Data records START
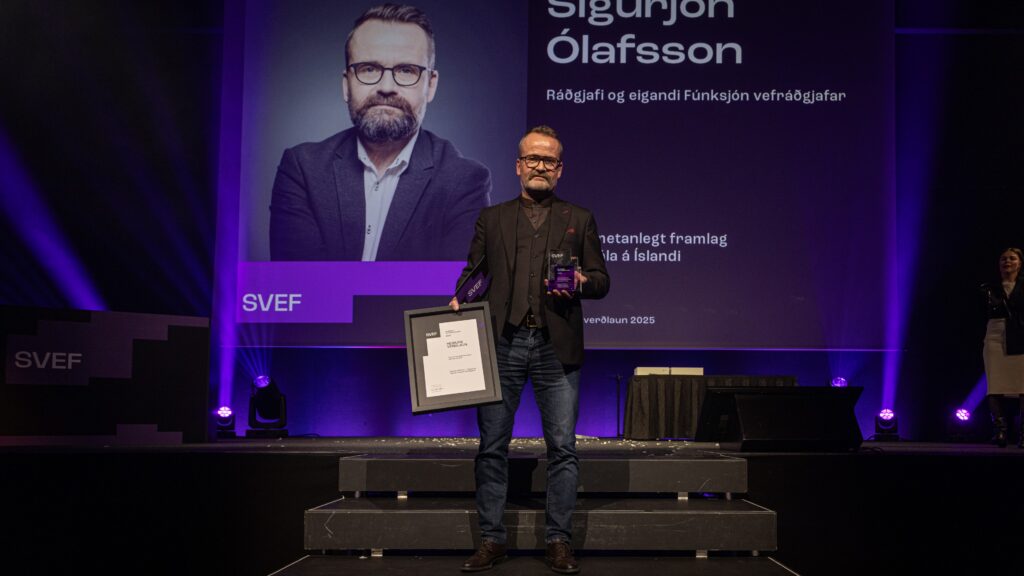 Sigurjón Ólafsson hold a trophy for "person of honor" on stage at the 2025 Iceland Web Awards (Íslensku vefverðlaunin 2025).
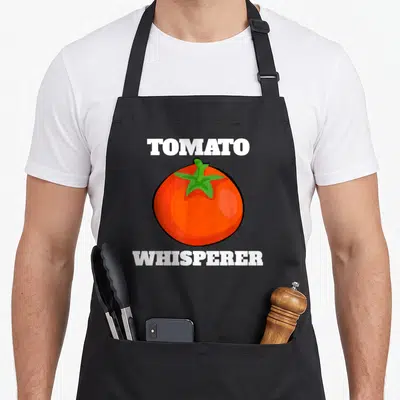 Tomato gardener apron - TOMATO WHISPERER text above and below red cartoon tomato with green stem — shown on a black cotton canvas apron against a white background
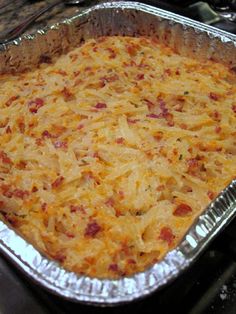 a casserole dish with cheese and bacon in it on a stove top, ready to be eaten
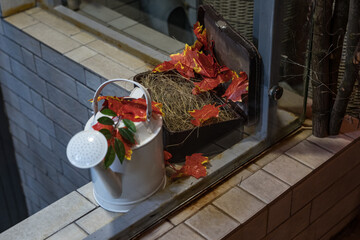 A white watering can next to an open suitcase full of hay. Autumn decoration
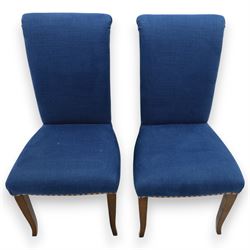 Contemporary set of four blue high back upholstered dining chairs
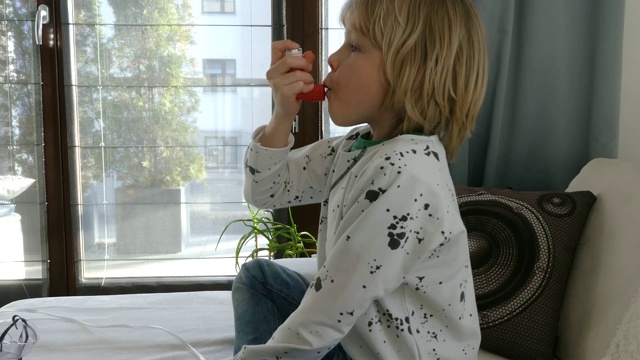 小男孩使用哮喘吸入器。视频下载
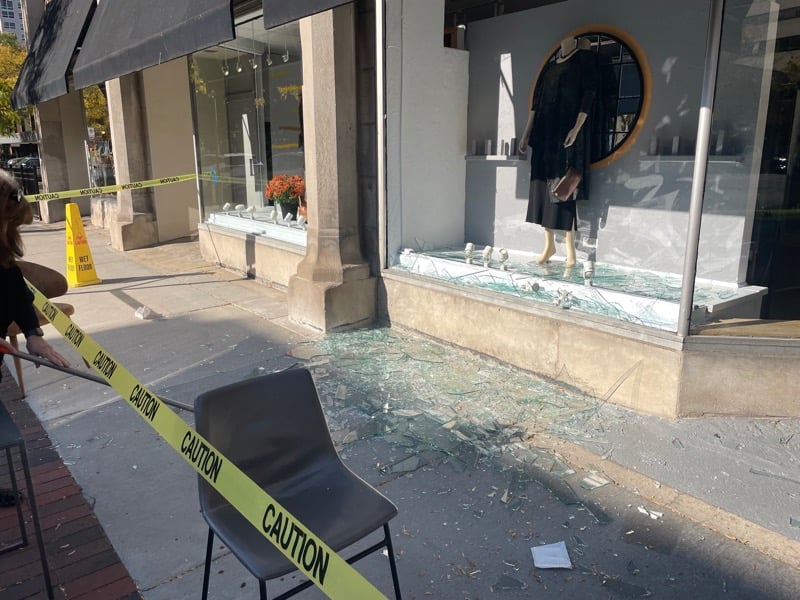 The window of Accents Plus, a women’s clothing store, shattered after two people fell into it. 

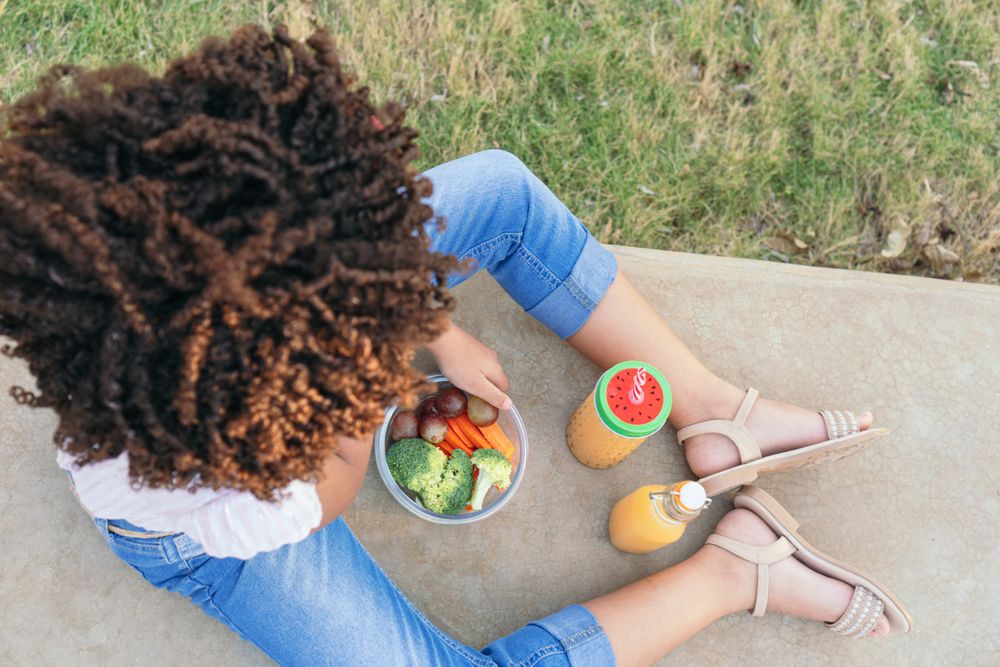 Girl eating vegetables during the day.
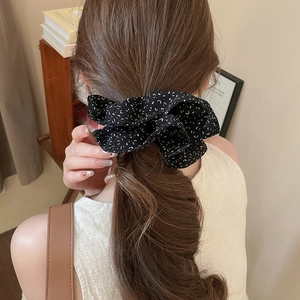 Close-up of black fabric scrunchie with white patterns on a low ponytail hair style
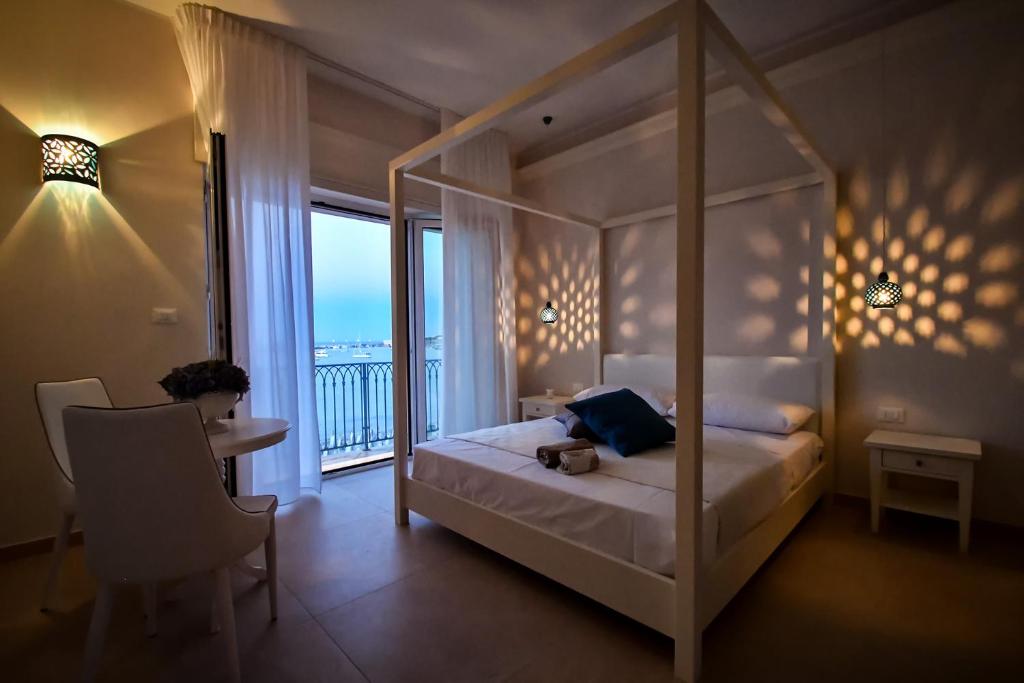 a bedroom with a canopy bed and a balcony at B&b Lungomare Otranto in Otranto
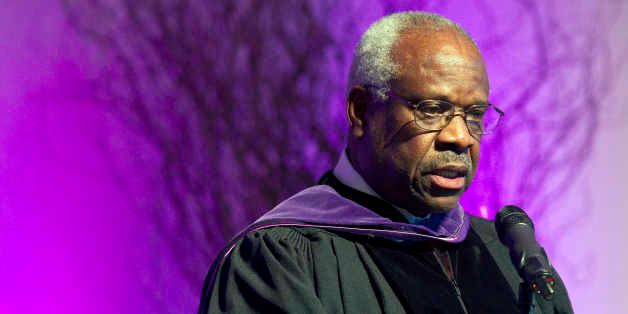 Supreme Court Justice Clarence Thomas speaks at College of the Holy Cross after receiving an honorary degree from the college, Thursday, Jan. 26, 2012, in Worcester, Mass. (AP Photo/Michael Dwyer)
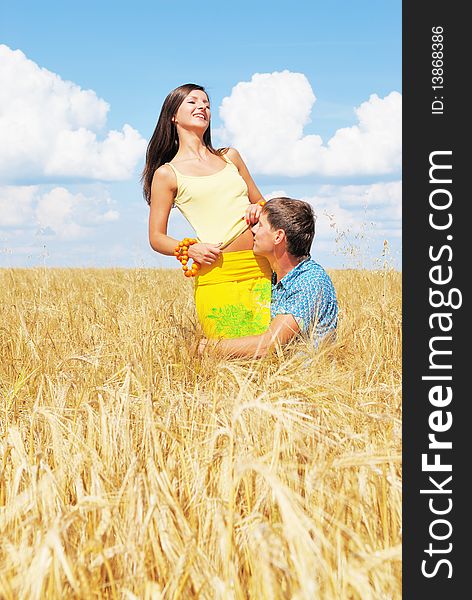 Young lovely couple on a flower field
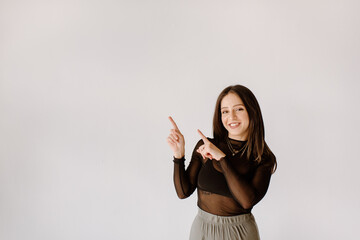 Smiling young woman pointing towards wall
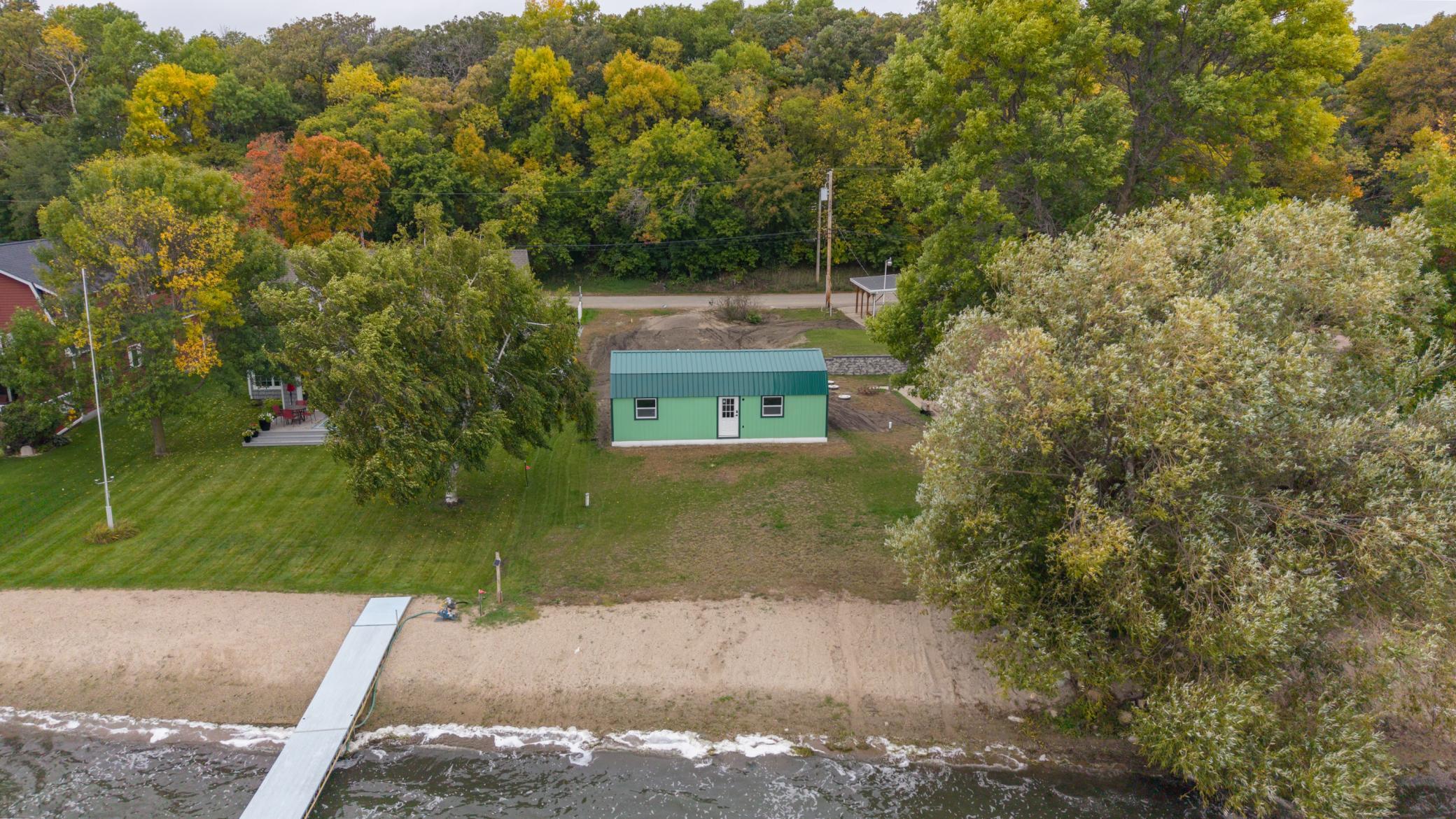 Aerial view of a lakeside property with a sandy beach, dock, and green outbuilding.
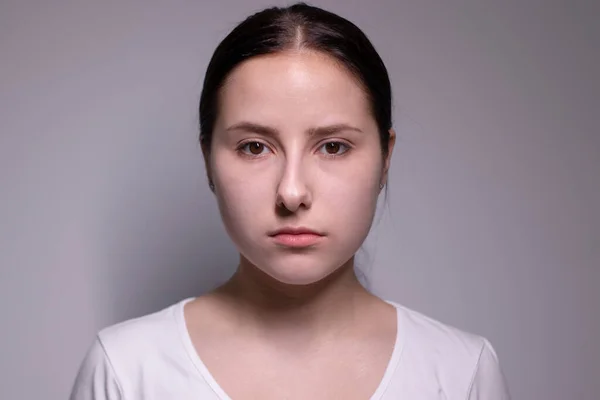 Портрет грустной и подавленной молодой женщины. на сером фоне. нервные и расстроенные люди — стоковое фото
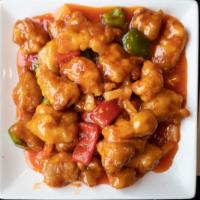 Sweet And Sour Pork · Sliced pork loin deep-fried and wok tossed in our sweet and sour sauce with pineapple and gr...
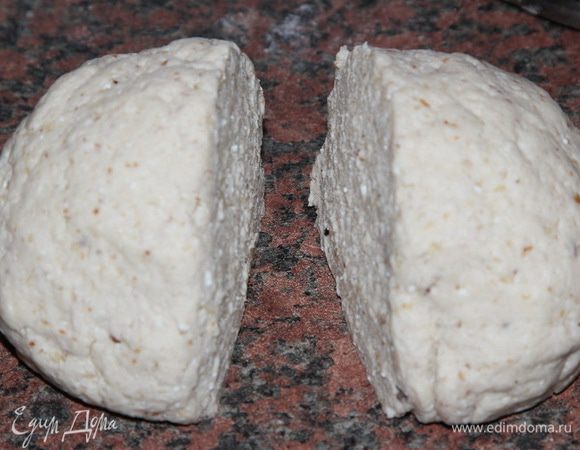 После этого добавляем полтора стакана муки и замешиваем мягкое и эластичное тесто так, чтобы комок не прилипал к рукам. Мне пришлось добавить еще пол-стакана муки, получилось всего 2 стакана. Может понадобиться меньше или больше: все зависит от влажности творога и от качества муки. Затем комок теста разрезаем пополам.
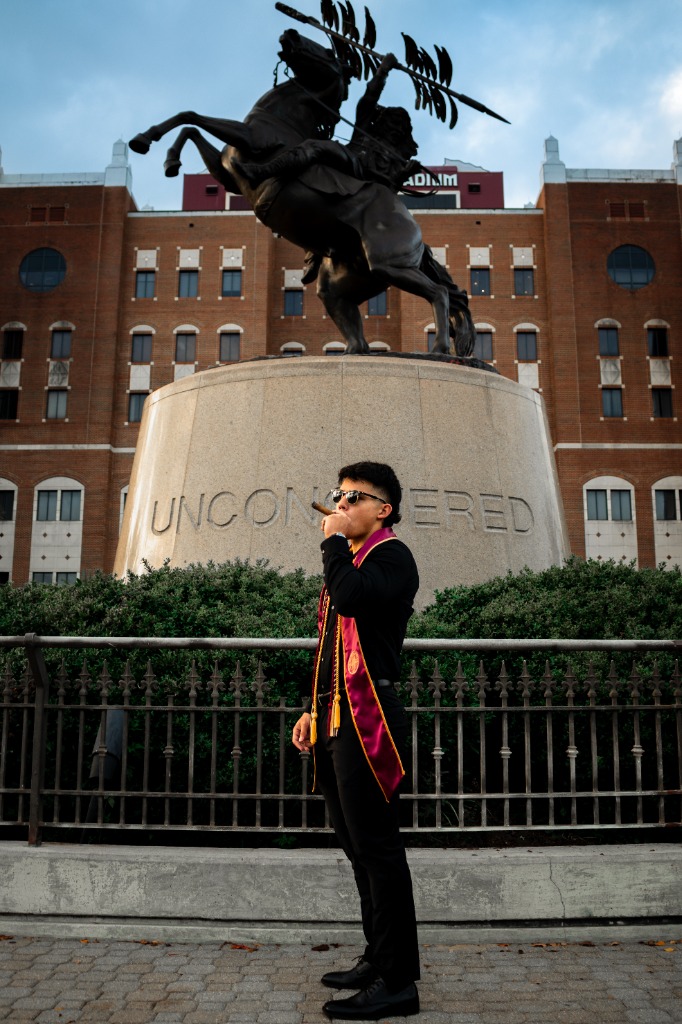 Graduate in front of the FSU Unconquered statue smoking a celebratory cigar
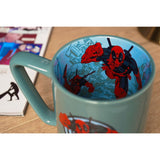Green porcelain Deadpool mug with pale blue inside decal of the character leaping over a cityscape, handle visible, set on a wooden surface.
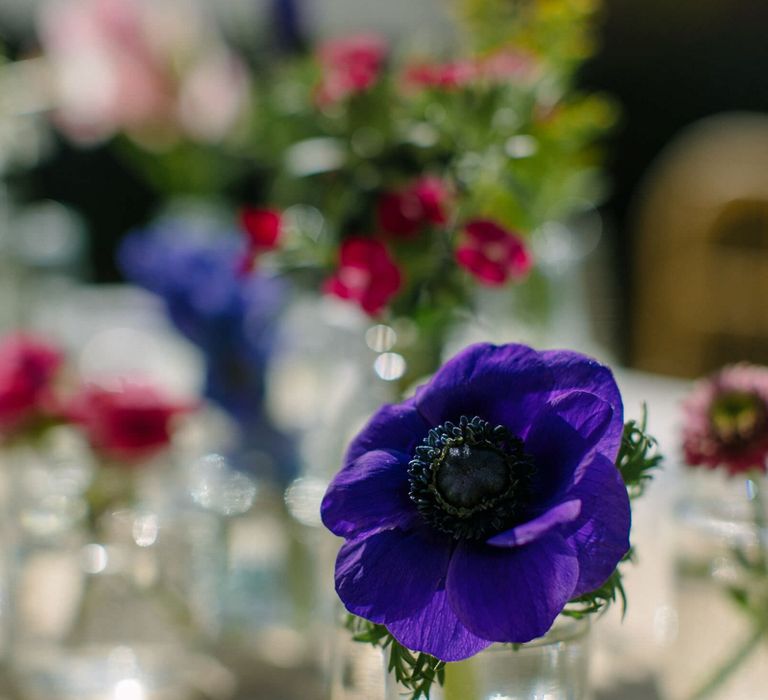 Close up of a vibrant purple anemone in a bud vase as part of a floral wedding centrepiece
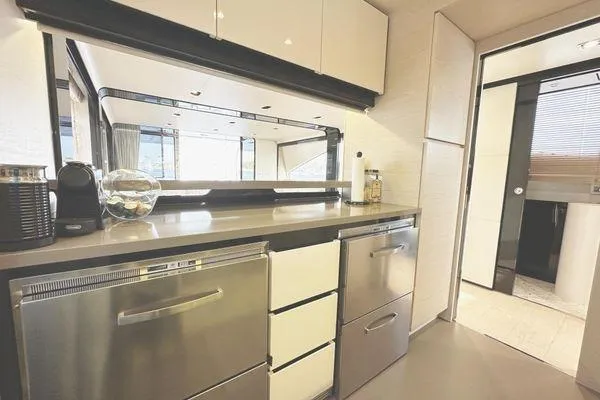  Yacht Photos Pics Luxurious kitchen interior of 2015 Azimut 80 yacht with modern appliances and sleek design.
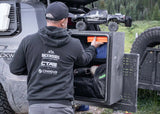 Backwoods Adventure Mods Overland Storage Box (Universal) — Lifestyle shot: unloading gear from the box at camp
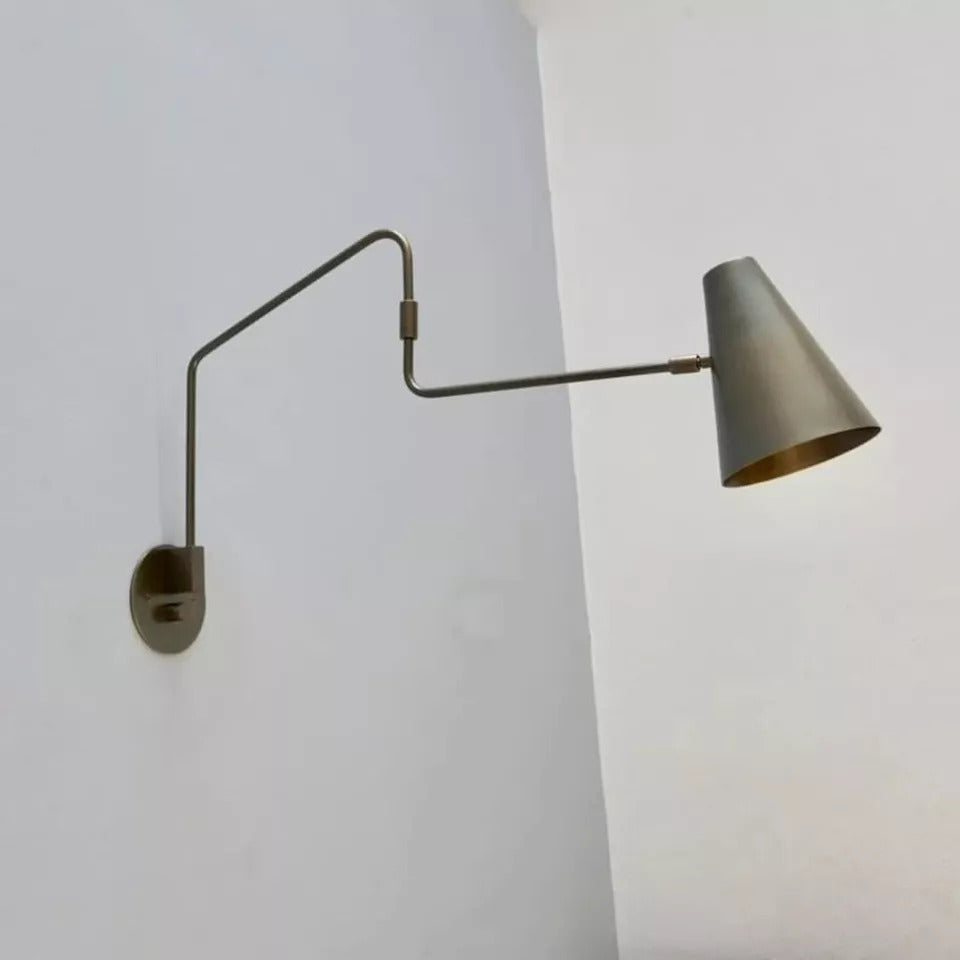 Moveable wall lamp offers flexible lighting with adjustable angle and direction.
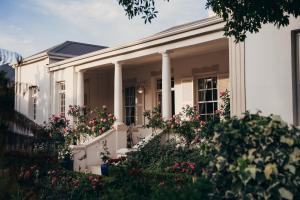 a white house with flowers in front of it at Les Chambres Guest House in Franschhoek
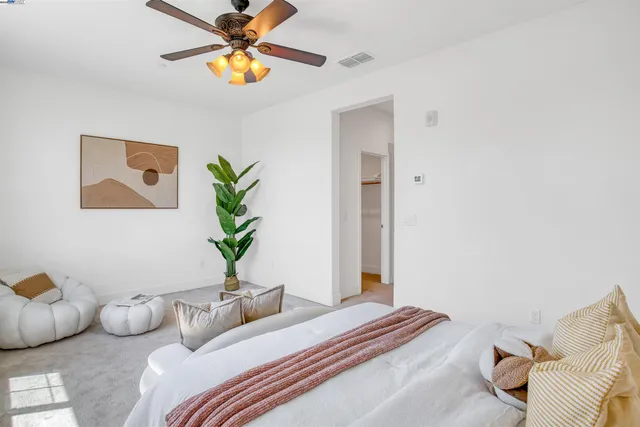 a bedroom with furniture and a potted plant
Data records END
=== Try it ===
Please repeat each line above exactly as it appears, but omit the pictures.

=== Exercise answer ===
 Sigurjón Ólafsson hold a trophy for "person of honor" on stage at the 2025 Iceland Web Awards (Íslensku vefverðlaunin 2025).
 Tomato gardener apron - TOMATO WHISPERER text above and below red cartoon tomato with green stem — shown on a black cotton canvas apron against a white background
 a casserole dish with cheese and bacon in it on a stove top, ready to be eaten
 A white watering can next to an open suitcase full of hay. Autumn decoration
 Contemporary set of four blue high back upholstered dining chairs
 小男孩使用哮喘吸入器。视频下载
 The window of Accents Plus, a women’s clothing store, shattered after two people fell into it. 

 Girl eating vegetables during the day.
 Close-up of black fabric scrunchie with white patterns on a low ponytail hair style
 a bedroom with a canopy bed and a balcony at B&b Lungomare Otranto in Otranto
 Supreme Court Justice Clarence Thomas speaks at College of the Holy Cross after receiving an honorary degree from the college, Thursday, Jan. 26, 2012, in Worcester, Mass. (AP Photo/Michael Dwyer)
 Young lovely couple on a flower field
 Smiling young woman pointing towards wall
 Aerial view of a lakeside property with a sandy beach, dock, and green outbuilding.
 Портрет грустной и подавленной молодой женщины. на сером фоне. нервные и расстроенные люди — стоковое фото
 Sweet And Sour Pork · Sliced pork loin deep-fried and wok tossed in our sweet and sour sauce with pineapple and gr...
 После этого добавляем полтора стакана муки и замешиваем мягкое и эластичное тесто так, чтобы комок не прилипал к рукам. Мне пришлось добавить еще пол-стакана муки, получилось всего 2 стакана. Может понадобиться меньше или больше: все зависит от влажности творога и от качества муки. Затем комок теста разрезаем пополам.
 Graduate in front of the FSU Unconquered statue smoking a celebratory cigar
Green porcelain Deadpool mug with pale blue inside decal of the character leaping over a cityscape, handle visible, set on a wooden surface.
 Close up of a vibrant purple anemone in a bud vase as part of a floral wedding centrepiece
  Yacht Photos Pics Luxurious kitchen interior of 2015 Azimut 80 yacht with modern appliances and sleek design.
 Backwoods Adventure Mods Overland Storage Box (Universal) — Lifestyle shot: unloading gear from the box at camp
 Moveable wall lamp offers flexible lighting with adjustable angle and direction.
 a white house with flowers in front of it at Les Chambres Guest House in Franschhoek
 a bedroom with furniture and a potted plant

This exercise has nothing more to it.